Torloses Unentschieden

Torraumszenen gab es in diesem Derby kaum. Zerstören statt aufbauen, war die Devise auf dem Platz bei beiden Teams, ein Unterschied in der Qualität war nicht zu sehen.

Anton Donkor hatte keinen guten Tag, nach vorne war er nicht druckvoll wie gewohnt und im Abwehrverhalten sehr fehleranfällig. Das Zusammenspiel als Team, das Pushen, das gegenseitige Anfeuern wiederum gefiel mir. Mental ist Eintracht fokussiert, aber spielerisch war es nicht möglich, eine Leistung auch nur annähernd wie im Spiel gegen Elversberg abzurufen.

Ich würde immer noch gerne Hampus Findell einmal von Beginn an auf dem Platz sehen. Es fehlt im Mittelfeld an Bindung zwischen Abwehr und Angriff. Ron-Thorben Hoffmann rettete uns den Punkt mit einem zur Ecke abgefälschten Ball. Zweikämpfe, die sehr hart geführt wurden, gehören zu einem Derby. Kleine Rudelbildungen ebenso. Der Schiedsrichter hatte das Spiel gut in der Hand, gab kaum gelbe Karten und musste nur selten eingreifen. Zum Abschluss machen wir eine Stadionrunde und laufen an den Überbleibseln des Derbys vorbei. Muss das so enden?

Wunsch-Derby

Ja, ich wünsche mir ein Derby. Mit ironischen, rivalisierenden Spruchbändern, mit kreativen Choreos. Mit Sprechgesängen und Songs extra fürs Derby. Mit karnevalesken Einfällen von den Rängen, mit sortierter, geplant eingesetzter Pyro. Ohne Feuerwerkskörper, die auf Menschen zielen, ohne Schmähgesänge, ohne unsägliche Beleidigungen, ohne Belagerungszustand durch die Polizei. Sondern mit viel positiver Aufmerksamkeit durch Presse und TV zu einem traditionsreichen Match, bei dem sich alle Kontrahenten, Spieler, Verantwortliche und Zuschauer nach dem Spiel die Hand schütteln können.

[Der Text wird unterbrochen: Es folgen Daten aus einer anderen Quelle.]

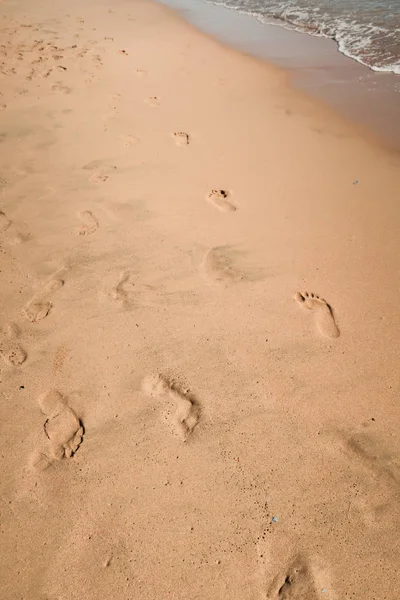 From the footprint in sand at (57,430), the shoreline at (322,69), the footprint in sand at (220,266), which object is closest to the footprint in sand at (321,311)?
the footprint in sand at (220,266)

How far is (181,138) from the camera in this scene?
369 centimetres

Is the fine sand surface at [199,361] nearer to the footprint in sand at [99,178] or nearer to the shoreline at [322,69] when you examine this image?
the footprint in sand at [99,178]

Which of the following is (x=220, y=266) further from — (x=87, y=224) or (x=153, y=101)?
(x=153, y=101)

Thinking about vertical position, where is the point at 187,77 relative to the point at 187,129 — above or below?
above

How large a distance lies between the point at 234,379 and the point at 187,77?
14.4 feet

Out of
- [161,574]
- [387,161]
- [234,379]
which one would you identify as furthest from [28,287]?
[387,161]

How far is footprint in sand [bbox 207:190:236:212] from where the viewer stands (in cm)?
290

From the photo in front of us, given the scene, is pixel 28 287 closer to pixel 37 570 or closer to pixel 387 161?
pixel 37 570

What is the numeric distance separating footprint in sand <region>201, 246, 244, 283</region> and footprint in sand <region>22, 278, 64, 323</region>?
0.94 metres

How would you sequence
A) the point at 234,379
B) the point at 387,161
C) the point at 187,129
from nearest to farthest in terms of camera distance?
the point at 234,379 < the point at 387,161 < the point at 187,129

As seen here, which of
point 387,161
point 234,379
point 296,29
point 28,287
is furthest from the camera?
point 296,29

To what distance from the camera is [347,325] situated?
84.4 inches

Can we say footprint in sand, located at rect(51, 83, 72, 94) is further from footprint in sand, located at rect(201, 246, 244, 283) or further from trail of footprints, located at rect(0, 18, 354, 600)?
footprint in sand, located at rect(201, 246, 244, 283)

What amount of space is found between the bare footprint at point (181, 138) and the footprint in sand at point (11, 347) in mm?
2345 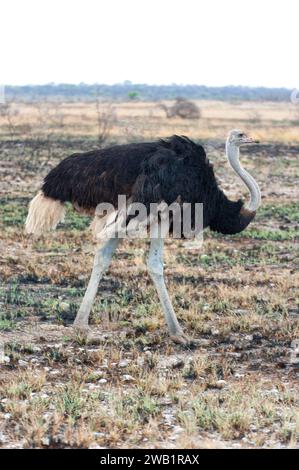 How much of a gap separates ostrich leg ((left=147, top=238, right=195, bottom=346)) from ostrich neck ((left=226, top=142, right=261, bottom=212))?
83 cm

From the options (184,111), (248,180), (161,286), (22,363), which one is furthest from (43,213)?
(184,111)

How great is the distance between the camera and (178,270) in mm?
9477

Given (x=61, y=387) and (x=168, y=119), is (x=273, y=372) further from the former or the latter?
(x=168, y=119)

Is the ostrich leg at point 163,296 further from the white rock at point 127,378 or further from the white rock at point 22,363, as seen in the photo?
the white rock at point 22,363

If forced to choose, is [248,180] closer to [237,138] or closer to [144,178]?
[237,138]

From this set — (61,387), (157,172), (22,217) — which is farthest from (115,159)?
(22,217)

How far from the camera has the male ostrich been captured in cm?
666

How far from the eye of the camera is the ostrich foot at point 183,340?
6.83 m

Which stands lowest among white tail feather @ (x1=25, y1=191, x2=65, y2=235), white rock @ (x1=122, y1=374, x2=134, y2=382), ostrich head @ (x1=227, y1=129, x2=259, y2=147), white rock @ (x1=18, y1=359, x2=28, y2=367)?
white rock @ (x1=18, y1=359, x2=28, y2=367)

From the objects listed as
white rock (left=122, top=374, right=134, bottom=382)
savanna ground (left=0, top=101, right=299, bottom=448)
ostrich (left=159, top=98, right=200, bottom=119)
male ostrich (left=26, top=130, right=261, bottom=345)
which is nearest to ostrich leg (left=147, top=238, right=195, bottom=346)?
male ostrich (left=26, top=130, right=261, bottom=345)

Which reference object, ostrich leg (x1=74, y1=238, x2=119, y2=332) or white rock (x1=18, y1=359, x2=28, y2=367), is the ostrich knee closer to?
ostrich leg (x1=74, y1=238, x2=119, y2=332)

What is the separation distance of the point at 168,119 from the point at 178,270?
109 ft

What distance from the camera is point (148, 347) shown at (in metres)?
6.76

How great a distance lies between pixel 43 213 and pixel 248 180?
5.36 ft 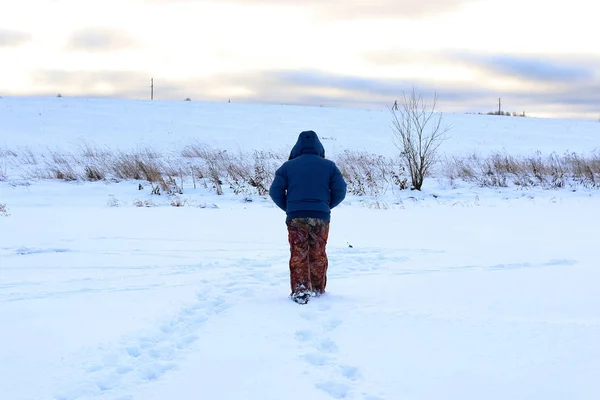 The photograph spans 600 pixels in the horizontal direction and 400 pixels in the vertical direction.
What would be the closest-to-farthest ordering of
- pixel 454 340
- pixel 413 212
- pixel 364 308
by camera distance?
pixel 454 340
pixel 364 308
pixel 413 212

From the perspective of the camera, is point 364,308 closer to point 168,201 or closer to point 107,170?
point 168,201

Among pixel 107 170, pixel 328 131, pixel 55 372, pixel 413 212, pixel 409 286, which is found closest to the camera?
pixel 55 372

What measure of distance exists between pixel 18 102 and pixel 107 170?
23672 millimetres

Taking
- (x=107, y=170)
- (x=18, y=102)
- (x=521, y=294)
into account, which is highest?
(x=18, y=102)

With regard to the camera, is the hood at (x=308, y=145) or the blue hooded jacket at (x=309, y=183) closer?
the blue hooded jacket at (x=309, y=183)

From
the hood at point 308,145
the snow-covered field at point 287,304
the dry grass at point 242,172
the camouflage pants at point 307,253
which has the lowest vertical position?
the snow-covered field at point 287,304

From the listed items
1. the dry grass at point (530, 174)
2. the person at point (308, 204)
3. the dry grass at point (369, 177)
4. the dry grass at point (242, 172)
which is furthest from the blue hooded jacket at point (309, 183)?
the dry grass at point (530, 174)

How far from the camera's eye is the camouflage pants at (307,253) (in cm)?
608

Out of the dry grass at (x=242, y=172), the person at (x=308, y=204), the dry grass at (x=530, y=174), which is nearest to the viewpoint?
the person at (x=308, y=204)

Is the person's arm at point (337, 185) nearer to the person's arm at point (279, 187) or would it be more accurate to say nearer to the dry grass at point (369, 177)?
the person's arm at point (279, 187)

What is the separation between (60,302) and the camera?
5777 mm

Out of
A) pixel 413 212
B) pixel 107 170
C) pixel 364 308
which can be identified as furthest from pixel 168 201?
pixel 364 308

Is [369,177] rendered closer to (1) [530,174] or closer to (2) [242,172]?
(2) [242,172]

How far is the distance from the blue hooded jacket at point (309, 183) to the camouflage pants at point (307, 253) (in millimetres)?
89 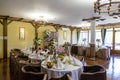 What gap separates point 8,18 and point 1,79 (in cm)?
499

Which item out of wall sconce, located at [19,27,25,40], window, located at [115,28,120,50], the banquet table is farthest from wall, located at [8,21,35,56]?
window, located at [115,28,120,50]

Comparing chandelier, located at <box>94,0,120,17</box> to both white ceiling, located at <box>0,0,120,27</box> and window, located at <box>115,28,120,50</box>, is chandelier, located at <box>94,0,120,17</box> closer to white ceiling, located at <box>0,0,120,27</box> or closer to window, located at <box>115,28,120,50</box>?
white ceiling, located at <box>0,0,120,27</box>

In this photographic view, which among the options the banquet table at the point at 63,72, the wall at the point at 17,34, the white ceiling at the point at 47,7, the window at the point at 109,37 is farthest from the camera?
the window at the point at 109,37

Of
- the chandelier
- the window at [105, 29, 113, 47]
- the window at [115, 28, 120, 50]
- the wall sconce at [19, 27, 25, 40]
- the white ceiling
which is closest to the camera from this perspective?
the chandelier

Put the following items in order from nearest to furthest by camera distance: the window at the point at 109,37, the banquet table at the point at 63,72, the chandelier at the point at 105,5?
the chandelier at the point at 105,5
the banquet table at the point at 63,72
the window at the point at 109,37

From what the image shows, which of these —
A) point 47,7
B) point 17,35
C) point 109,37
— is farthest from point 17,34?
point 109,37

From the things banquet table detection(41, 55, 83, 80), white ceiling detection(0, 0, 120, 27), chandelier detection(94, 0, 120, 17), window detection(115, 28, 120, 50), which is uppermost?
white ceiling detection(0, 0, 120, 27)

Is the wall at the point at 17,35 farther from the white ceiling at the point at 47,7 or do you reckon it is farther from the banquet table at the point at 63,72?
the banquet table at the point at 63,72

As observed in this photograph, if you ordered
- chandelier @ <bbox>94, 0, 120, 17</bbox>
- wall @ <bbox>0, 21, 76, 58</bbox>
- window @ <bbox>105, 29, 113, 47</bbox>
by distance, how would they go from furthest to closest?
window @ <bbox>105, 29, 113, 47</bbox> < wall @ <bbox>0, 21, 76, 58</bbox> < chandelier @ <bbox>94, 0, 120, 17</bbox>

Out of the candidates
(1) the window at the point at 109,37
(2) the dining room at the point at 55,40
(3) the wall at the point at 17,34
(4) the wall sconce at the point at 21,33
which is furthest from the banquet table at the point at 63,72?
(1) the window at the point at 109,37

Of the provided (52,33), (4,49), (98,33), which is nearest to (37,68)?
(4,49)

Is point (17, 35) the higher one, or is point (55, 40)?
point (17, 35)

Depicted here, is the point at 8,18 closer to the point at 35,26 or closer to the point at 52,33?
the point at 35,26

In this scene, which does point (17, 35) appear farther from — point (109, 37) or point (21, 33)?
point (109, 37) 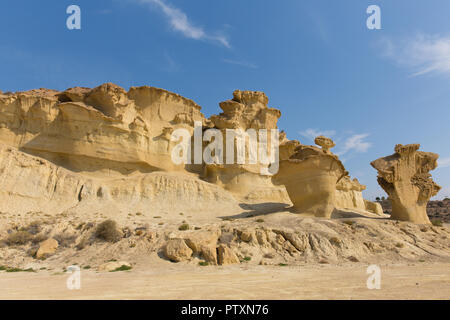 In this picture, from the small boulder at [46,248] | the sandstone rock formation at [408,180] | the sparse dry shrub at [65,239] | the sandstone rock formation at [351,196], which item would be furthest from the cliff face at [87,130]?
the sandstone rock formation at [408,180]

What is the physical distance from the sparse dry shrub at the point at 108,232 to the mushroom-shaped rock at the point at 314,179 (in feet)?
39.7

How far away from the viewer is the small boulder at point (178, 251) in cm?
1180

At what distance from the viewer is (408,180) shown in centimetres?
1916

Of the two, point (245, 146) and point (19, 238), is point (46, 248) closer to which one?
point (19, 238)

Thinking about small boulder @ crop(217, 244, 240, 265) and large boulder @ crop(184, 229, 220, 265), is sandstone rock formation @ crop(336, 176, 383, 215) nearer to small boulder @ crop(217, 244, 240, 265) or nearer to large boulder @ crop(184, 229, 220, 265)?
large boulder @ crop(184, 229, 220, 265)

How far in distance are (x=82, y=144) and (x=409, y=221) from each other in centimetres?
2591

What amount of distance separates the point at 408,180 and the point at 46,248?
A: 2215 centimetres

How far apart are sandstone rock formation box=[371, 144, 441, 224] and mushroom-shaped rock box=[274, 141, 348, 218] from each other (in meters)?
2.90

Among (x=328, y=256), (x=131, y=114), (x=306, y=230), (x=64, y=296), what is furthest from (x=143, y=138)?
(x=64, y=296)

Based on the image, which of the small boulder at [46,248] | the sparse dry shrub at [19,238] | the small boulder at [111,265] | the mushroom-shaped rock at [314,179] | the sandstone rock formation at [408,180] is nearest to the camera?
the small boulder at [111,265]

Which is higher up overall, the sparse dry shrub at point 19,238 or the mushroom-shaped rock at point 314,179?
the mushroom-shaped rock at point 314,179

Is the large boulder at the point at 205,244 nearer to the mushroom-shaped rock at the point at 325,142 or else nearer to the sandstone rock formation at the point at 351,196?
the mushroom-shaped rock at the point at 325,142
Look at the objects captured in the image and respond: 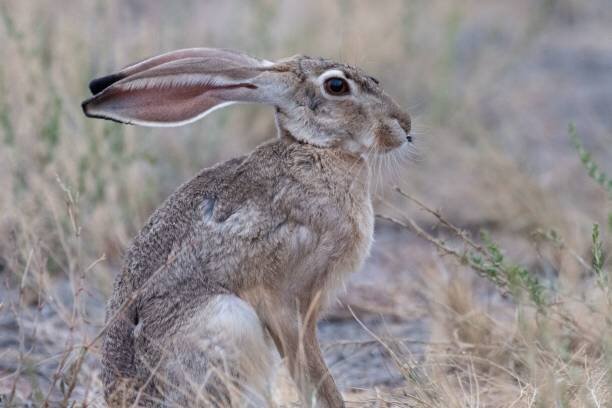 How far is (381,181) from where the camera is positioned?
4.71 metres

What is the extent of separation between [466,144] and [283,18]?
8.20 feet

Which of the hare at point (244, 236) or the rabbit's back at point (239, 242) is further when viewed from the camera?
the rabbit's back at point (239, 242)

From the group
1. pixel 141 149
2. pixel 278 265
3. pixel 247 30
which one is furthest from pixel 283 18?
pixel 278 265

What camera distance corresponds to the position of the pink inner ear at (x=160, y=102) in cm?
402

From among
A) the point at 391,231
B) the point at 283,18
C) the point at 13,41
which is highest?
the point at 13,41

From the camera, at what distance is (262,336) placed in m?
3.88

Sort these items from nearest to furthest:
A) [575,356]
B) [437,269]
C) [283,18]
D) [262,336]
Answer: [262,336]
[575,356]
[437,269]
[283,18]

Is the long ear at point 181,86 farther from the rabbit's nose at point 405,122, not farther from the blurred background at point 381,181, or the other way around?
the rabbit's nose at point 405,122

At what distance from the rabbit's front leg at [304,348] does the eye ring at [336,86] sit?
0.86m

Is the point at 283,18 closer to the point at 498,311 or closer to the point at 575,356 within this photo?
the point at 498,311

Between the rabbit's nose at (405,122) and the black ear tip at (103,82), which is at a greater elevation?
the black ear tip at (103,82)

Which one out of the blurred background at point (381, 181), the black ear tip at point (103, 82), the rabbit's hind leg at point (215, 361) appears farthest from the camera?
the blurred background at point (381, 181)

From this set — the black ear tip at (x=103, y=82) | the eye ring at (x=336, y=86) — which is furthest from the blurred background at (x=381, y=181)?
the eye ring at (x=336, y=86)

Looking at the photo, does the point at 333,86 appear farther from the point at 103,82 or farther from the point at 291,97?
the point at 103,82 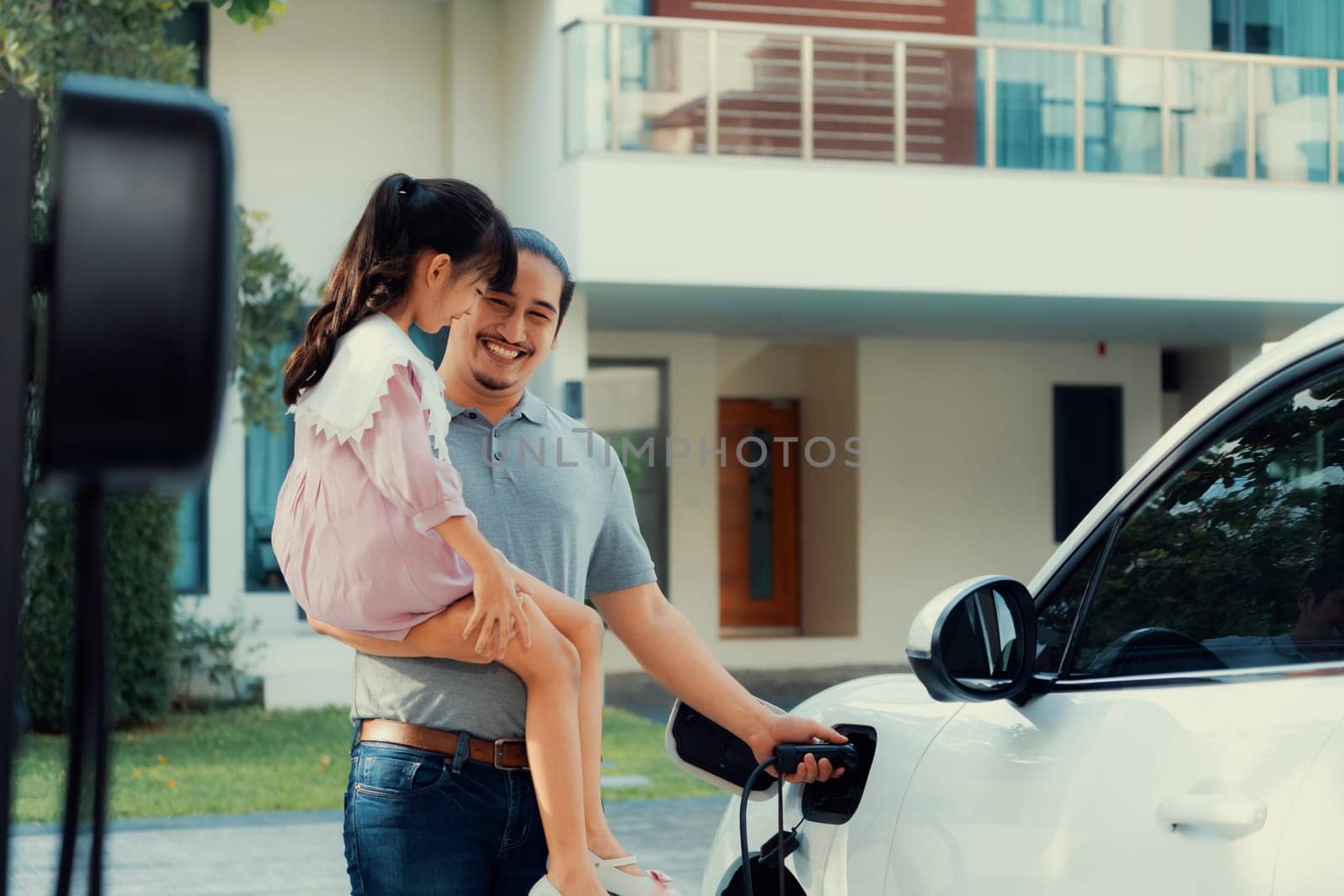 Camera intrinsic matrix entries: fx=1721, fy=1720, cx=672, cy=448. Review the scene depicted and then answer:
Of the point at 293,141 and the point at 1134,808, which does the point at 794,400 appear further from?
the point at 1134,808

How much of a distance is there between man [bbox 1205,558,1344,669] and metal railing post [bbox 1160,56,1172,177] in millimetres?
12175

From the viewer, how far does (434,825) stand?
2527 millimetres

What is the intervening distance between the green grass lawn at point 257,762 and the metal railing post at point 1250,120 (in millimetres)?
6563

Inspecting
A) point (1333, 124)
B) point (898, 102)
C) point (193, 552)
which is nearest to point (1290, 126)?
point (1333, 124)

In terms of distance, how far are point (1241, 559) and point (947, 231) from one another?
1116 cm

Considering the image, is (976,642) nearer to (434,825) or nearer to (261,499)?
(434,825)

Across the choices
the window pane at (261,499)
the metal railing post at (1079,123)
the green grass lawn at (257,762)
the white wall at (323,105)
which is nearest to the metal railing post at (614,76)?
the white wall at (323,105)

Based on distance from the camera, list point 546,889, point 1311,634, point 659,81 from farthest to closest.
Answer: point 659,81 < point 546,889 < point 1311,634

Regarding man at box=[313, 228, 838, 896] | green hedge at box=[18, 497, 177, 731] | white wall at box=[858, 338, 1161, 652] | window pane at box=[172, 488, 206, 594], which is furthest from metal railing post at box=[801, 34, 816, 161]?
man at box=[313, 228, 838, 896]

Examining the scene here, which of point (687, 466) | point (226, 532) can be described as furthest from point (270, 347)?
point (687, 466)

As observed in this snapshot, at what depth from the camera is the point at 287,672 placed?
13.5 m

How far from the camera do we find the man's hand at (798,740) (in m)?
2.78

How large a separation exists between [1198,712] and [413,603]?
1070mm

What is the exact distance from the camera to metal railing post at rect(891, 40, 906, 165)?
13.2 metres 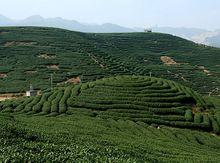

Wunsch, Traum oder irgendwann Wirklichkeit? Was meint ihr? Ich kann dazu nur sagen, Freunde von mir fahren morgens nach Hannover oder Wolfsburg und arbeiten und leben den Tag über prima in diesen Nachbarstädten. In der Pressemitteilung unseres Vereins beruft sich Geschäftsführer Wolfram Benz auf das Leitbild der Eintracht. Vielleicht sollte damit noch mehr gearbeitet werden.

Spiel der Legenden

Es ist kein Derby, aber der Hinweis auf dieses „Klassentreffen“ muss gestattet sein. Am 30. April um 18:00 Uhr findet das „Legendenspiel“ bei der BTSV-Eintracht im Eintracht-Stadion statt. Die Namen lassen sofort Bilder entstehen, ein Fallrückzieher von Pfitze, Bole, der den Platz umpflügt, Elfmeterdrama in Nürnberg, ein sich in ungeahnte Höhen hochspringender Domi Kumbela bei seinen Kopfballtoren und natürlich Damir, „the brain“, Vrancic bei DEM Freistoßtor zur 1. Bundesliga in Ingolstadt. Bestimmt gibt es beim Legendenspiel wieder so einen Freistoß aus ähnlicher Position, da kann der Schiedsrichter sicher für sorgen.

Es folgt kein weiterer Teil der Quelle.